La conclusion qu’il faut tirer de cette expérience étrangère est que les techniques de
renseignement doivent être soumises à un contrôle dont la portée est effective. Cette effectivité peut être garantie, par exemple, en permettant un accès au dossier dans son
intégralité, en permettant de procéder à une analyse fine des matériels sollicités, en empêchant les collectes de masse, en permettant au juge de déclassifier de son propre chef
certaines pièces, notamment. Dans tous les cas, cette effectivité dépend avant toute chose
de la soumission des mesures de surveillance à un contrôle juridictionnel préalable.
10.1. L’exigence constitutionnelle d’un contrôle juridictionnel préalable
Le respect des droits et libertés reconnus par la Déclaration de 1789 et les exigences
posées par l’article 34 de la Constitution impliquent pour le législateur l’obligation de
prévoir les « garanties fondamentales accordées aux citoyens pour l’exercice des libertés
publiques » parmi lesquelles figurent le respect de la vie privée et la liberté d’expression
et de communication, respectivement protégés par les articles 2 et 11 de la Déclaration
de 1789.
Ainsi, la protection de ces droits reconnus aux citoyens contre des atteintes d’une
gravité particulière implique de requérir l’intervention et le contrôle d’une autorité juridictionnelle, que ce soit ceux de l’autorité judiciaire, gardienne de la liberté individuelle
(section 10.1.1) ou, à tout le moins, ceux d’une juridiction offrant les garanties d’indépendance et d’effectivité nécessaires, en cas d’atteinte aux droits et libertés fondamentaux
(section 10.1.2 page ci-contre).
10.1.1. L’exigence d’un contrôle préalable de l’autorité judiciaire
sur les atteintes à la liberté individuelle
L’article 66 de la Constitution dispose que :
Nul ne peut être arbitrairement détenu.
L’autorité judiciaire, gardienne de la liberté individuelle, assure le respect de ce principe
dans les conditions prévues par la loi.
Le Conseil constitutionnel a déjà considéré :
que la méconnaissance du droit au respect de la vie privée peut être de nature à porter
atteinte à la liberté individuelle.
(Décision no 94-352 DC du 18 janvier 1995)
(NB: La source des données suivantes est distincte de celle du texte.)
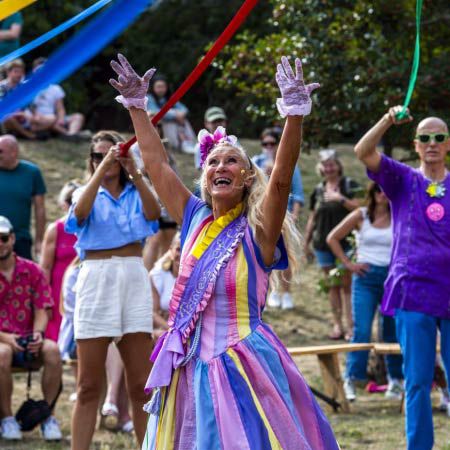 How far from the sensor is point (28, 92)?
5.23 metres

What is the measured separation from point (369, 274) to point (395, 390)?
1051 millimetres

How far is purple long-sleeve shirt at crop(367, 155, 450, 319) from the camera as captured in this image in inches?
265

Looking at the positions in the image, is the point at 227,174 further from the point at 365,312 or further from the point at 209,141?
the point at 365,312

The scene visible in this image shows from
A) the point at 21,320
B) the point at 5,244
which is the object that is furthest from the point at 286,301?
the point at 5,244

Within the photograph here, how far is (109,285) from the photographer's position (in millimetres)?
6953

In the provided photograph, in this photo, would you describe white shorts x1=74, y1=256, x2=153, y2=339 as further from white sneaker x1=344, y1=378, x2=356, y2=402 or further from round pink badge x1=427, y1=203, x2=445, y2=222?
white sneaker x1=344, y1=378, x2=356, y2=402

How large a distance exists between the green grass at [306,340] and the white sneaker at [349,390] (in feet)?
0.29

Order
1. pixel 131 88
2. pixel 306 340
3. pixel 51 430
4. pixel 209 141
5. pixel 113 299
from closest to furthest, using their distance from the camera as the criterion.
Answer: pixel 131 88
pixel 209 141
pixel 113 299
pixel 51 430
pixel 306 340

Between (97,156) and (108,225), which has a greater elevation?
(97,156)

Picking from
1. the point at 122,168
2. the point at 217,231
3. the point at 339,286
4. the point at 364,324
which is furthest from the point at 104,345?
the point at 339,286

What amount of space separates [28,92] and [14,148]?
5.27 m

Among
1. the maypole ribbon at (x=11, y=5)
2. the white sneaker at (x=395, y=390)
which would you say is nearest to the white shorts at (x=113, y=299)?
the maypole ribbon at (x=11, y=5)

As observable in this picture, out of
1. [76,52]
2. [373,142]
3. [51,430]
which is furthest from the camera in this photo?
[51,430]

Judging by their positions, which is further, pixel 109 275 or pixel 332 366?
pixel 332 366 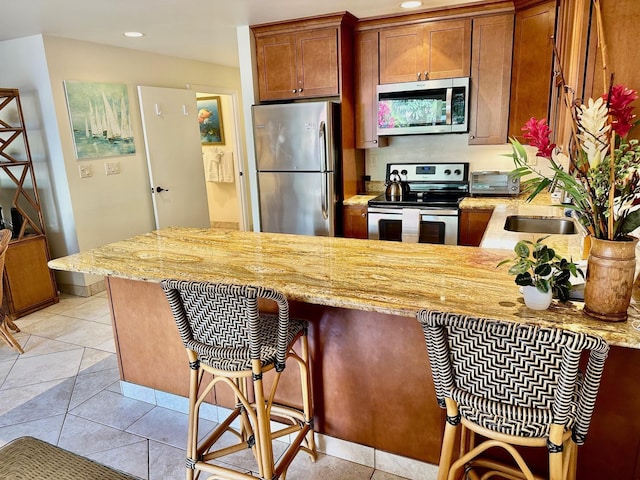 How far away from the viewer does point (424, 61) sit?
360 centimetres

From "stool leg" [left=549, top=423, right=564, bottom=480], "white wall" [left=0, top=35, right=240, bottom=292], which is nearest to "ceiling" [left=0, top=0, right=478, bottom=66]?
"white wall" [left=0, top=35, right=240, bottom=292]

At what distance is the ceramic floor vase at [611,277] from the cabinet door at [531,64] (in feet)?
8.10

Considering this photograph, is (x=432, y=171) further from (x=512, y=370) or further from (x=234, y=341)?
(x=512, y=370)

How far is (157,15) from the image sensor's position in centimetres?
329

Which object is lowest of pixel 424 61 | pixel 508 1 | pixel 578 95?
pixel 578 95

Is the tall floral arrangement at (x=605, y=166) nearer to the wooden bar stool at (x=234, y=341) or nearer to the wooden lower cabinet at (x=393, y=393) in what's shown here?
the wooden lower cabinet at (x=393, y=393)

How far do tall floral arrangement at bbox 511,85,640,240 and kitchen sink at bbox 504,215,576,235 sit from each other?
159 centimetres

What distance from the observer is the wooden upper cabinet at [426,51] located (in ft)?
11.4

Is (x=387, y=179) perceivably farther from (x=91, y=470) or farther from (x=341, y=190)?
(x=91, y=470)

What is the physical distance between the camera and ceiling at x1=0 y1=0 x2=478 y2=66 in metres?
3.02

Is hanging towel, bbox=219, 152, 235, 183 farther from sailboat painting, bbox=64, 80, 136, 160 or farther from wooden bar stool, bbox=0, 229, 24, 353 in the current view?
wooden bar stool, bbox=0, 229, 24, 353

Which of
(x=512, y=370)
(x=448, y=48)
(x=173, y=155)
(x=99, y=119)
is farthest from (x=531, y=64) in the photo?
(x=99, y=119)

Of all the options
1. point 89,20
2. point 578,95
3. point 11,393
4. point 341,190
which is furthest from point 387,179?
point 11,393

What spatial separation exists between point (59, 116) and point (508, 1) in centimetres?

Certes, les associations amicus n’ignorent pas que la notion de liberté individuelle
est distincte de la notion de liberté personnelle, reconnue à l’article 2 de la Déclaration
de 1789, laquelle implique le droit au respect de la vie privée (Cons. constit. Dec. no
99-416 DC du 23 juillet 1999, cons. 45), mais aussi le droit à la sûreté et à la résistance
à l’oppression.
Pour autant, le contrôle de l’autorité judiciaire a vocation à s’appliquer pour prévenir
des atteintes arbitraires au droit au respect de la vie privée, lorsque ces atteintes sont tellement graves qu’elles peuvent avoir pour effet de porter atteinte à la liberté individuelle.